Postby epthe » Tue Sep 14, 2021 8:04 pm

Wow, it has been a long time since I have been on here. I have graduated from college and got a job in I.T. and have been working full time ever since, and my life has been really quite good overall. I still have the same partner which I live with, and my relationship with my parents is quite good. I have not been arrested in years, and I have not seen any mental health professional of any kind for years, that is until last week.

At 7 a.m. on a Wednesday I heard a knock at the front door. I was expecting a package from Amazon, so I opened the door. It was some lady with a clipboard and an employee badge. She said her name and her employer (a local mental health clinic with government funding) and said she had trouble reaching me by phone, read off the number a very outdated pay as you go cell phone I had years ago and acted a bit peeved and hostile towards me. I gave her my Google Voice number so I can easily screen her calls if she does call me, and I can record her phone calls as well by simply pressing 4 on my phone as soon as I answer the phone. I asked her what this was all about and she said I was still on their roster of S.M.I. patients and that they had to keep tabs on me. Once you're labelled SMI good luck ever getting off of it. I explained my life was good, and I had not been in trouble with the law or hospitalized in a number of years and that I wanted nothing to do with her SMI "Services" as they call them. She handed me her business card and said she would stay in touch with me.
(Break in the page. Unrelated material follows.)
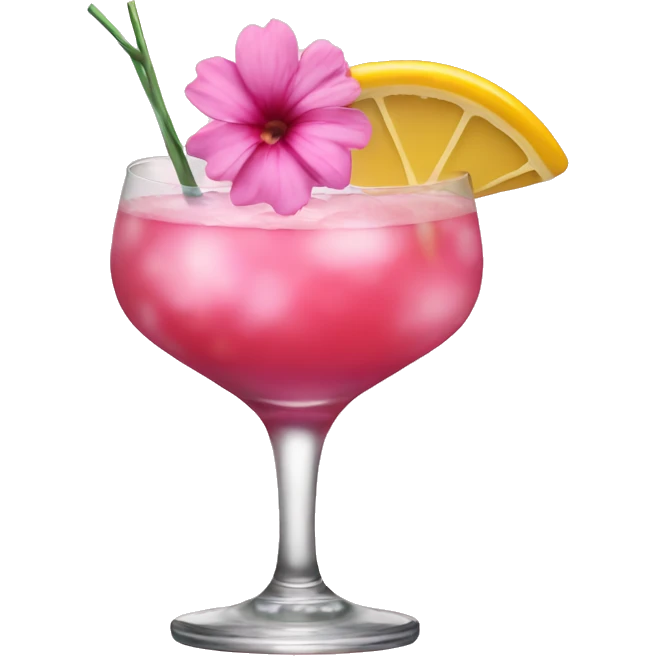 Cocktail with pink flowers emoji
It pisses me off that after I thought this was all long over with, it just comes right back at me all over again. It stokes the flames of my already paranoid mind.

I went ahead and talked to a private lawyer about it and I paid him for it and he suggested a mental health power of attorney that specifies that I do not want any antipsychotic medications etc. So, I got one filled out, signed and notarized. I chose my boyfriend to make all healthcare and mental health decisions for me if necessary, and I very specifically stated that I do not want any psychiatric drugs administered to me under any circumstances. I chose my boyfriend because he knows all the struggles I've been through and he is on my side. I simply trust him more than I do my parents. I love them, but I don't trust them. They got all this started on me back when I was a teenager and it follows me all these years later.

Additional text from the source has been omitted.